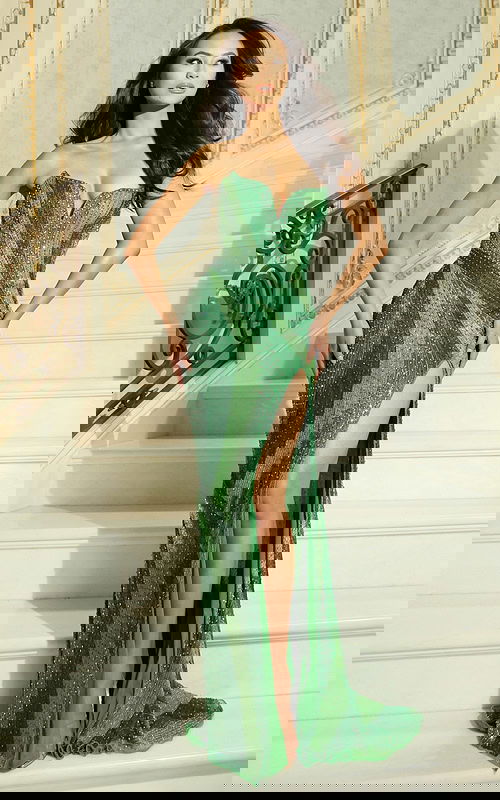 Model wearing strapless beaded gown with sweetheart neckline and high slit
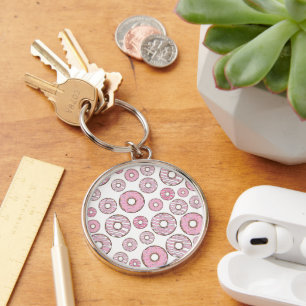 patroon van donuts, roze donuts, sproeten sleutelhanger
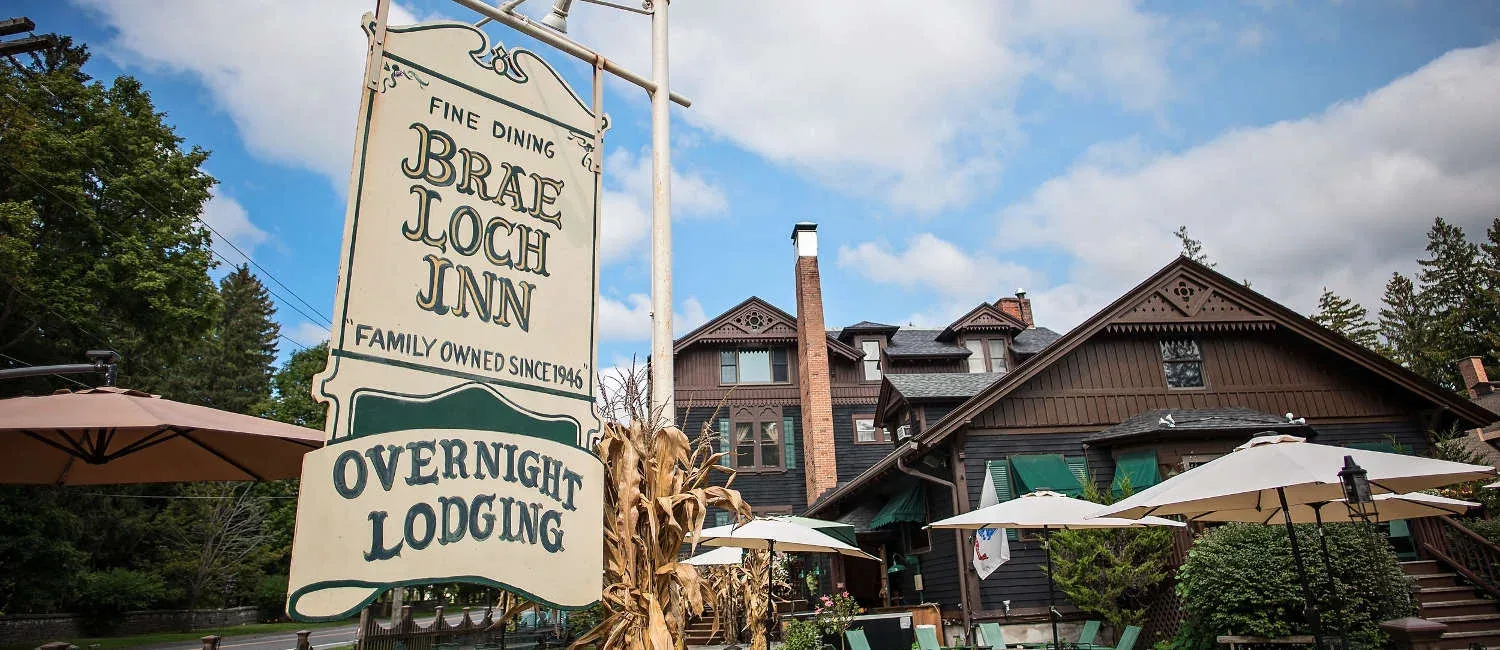 Representative hotel space: A roadside sign stands in front of a rustic inn building.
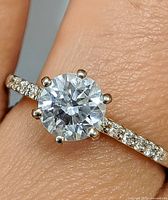 Ring on finger showing centre lab diamond and accent moissanites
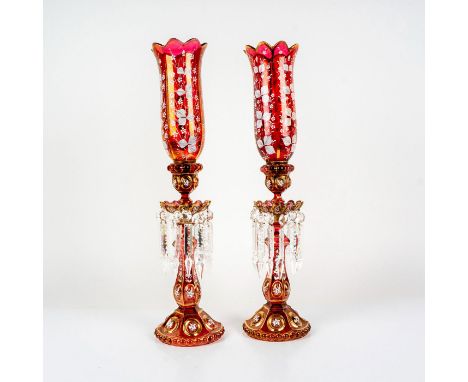 Opulent pair of candlestick holders with opalescent cranberry coloration. Elaborate enamel floral decorations with gold gilt 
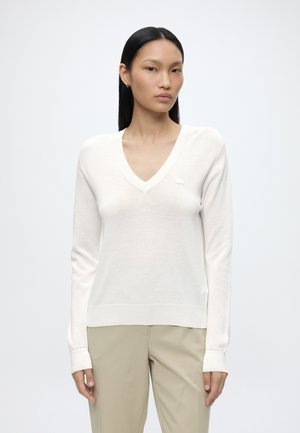 Donna con capelli lisci neri indossa un maglione bianco con scollo a V e pantaloni beige su uno sfondo bianco semplice.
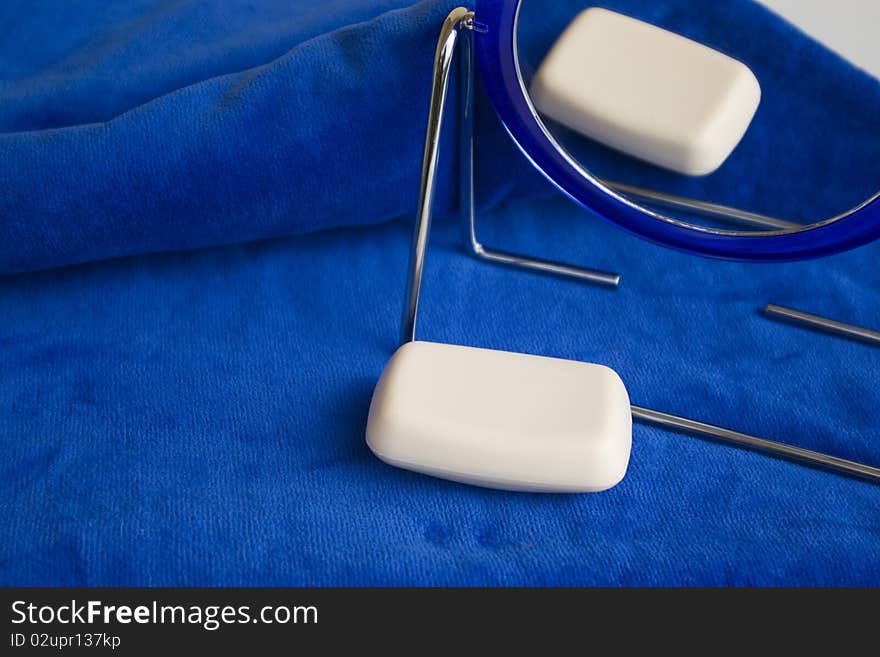 Mirror and soap on blue bath towel. Mirror and soap on blue bath towel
..............................
» WHAT IS BEING ASKED
Beginning with the first line of the records, write out every line up to and including the one with "Representative hotel space: A", exactly, and omit all pictures.

» WORKED SOLUTION
 Model wearing strapless beaded gown with sweetheart neckline and high slit
 patroon van donuts, roze donuts, sproeten sleutelhanger
 Representative hotel space: A roadside sign stands in front of a rustic inn building.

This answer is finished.